Army officer takes first place at Marine Corps Marathon

Army 2nd Lt. Trevor Lafontaine bested 30,000 runners in his first ever marathon at the 40th annual Marine Corps Marathon on Sunday with a time of 2 hours 24 minutes.

Drizzly weather and competition from runners of all ages and experience didn't slow down Lafontaine, who found a good pace the others couldn't maintain.

"Probably with about four miles to go, I realized, 'OK, I'm not going to fall apart at this point,'" said Lafontaine, 22. "I was hurting at the end, but I think everyone else was hurting, too."

Running in his ninth consecutive Marine Corps Marathon, Richard Powell, 1st Battalion, 23rd Marines, finished first among Marines with a time of 2 hours 35 minutes.

"It was a little more painful than last year," said 27-year-old Powell, who also finished as the first Marine last year. "It's always a good feeling coming across the line as the first Marine."

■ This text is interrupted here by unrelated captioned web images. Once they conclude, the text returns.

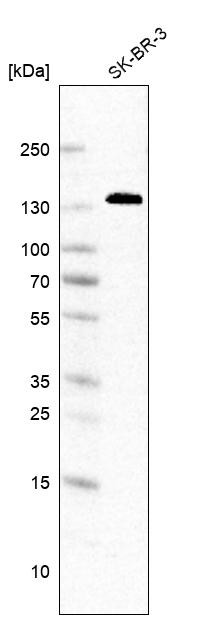 Western blot analysis in human cell line SK-BR-3.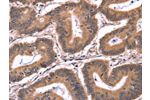 The image on the left is immunohistochemistry of paraffin-embedded Human colon cancer tissue using CSB-PA043697(CRK Antibody) at dilution 1/50, on the right is treated with fusion protein. (Original magnification: 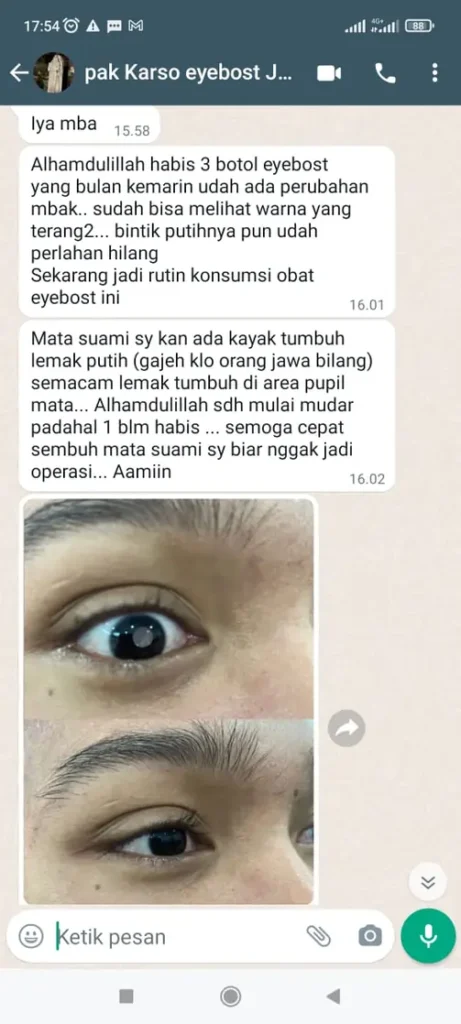 testi-katarak-1.webp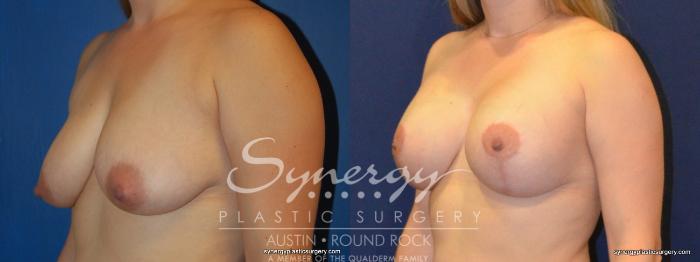 Before & After Breast Lift & Breast Augmentation Case 274 View #3 View in Austin, TX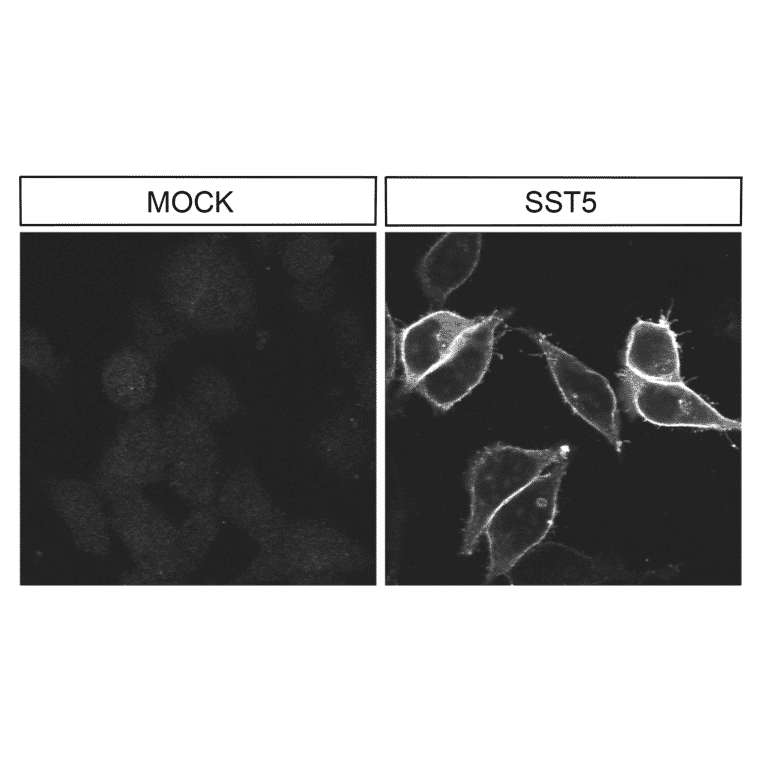Immunohistochemistry - Anti-SSTR5 Antibody (A334481) - Antibodies.com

Powell's eight-year service contract ends in three weeks. Despite transitioning to life after the Corps attending Syracuse University College of Law, Powell said he would run in the Marine Corps Marathon next year.

"I'll be back next year to make it my solid tenth Marine Corps Marathon in a row. And I'll just keep running as long as I can." Powell said. "This is the best thing I can do for the Marine Corps is run and represent for the team."

Jenny Mendez Suanca, 35, from Costa Rica, was the first female finisher, coming in at 2 hours 45 minutes.

The 26.2-mile course celebrated its 40th run with two Marine Corps Marathon hall of famers. The "Groundpounders" Will Brown and Al Richmond, retired Marine colonels, have run in every race since its founding.

Known for monuments that dot the course, the Marine Corps Marathon is also the largest marathon to not award prize money, dubbing the race "The People's Marathon."

Lance Cpl. Austin Marshall, 25, said the race draws so many people for the historic sites in its path alone.

"A lot of people enjoy just running through D.C., just seeing the monuments. This marathon has made a name for itself."

Runners from more than 50 countries participated in the race, including members from English, Spanish and German military forces, among others.

Lance Cpl. Carmine Mancini, 21, said he talked with Georgian armed forces members and a former military school classmate checking in for the race.

"It kind of brings everyone closer," Mancini said. "It's kind of like camaraderie, you get a bunch of friends together and you roll 26.2 miles."

Despite finishing nearly two minutes ahead of second place finisher Oscar Mateo Santos, Lafontaine waited at the finish line to embrace Santos and cheer on his Army teammates.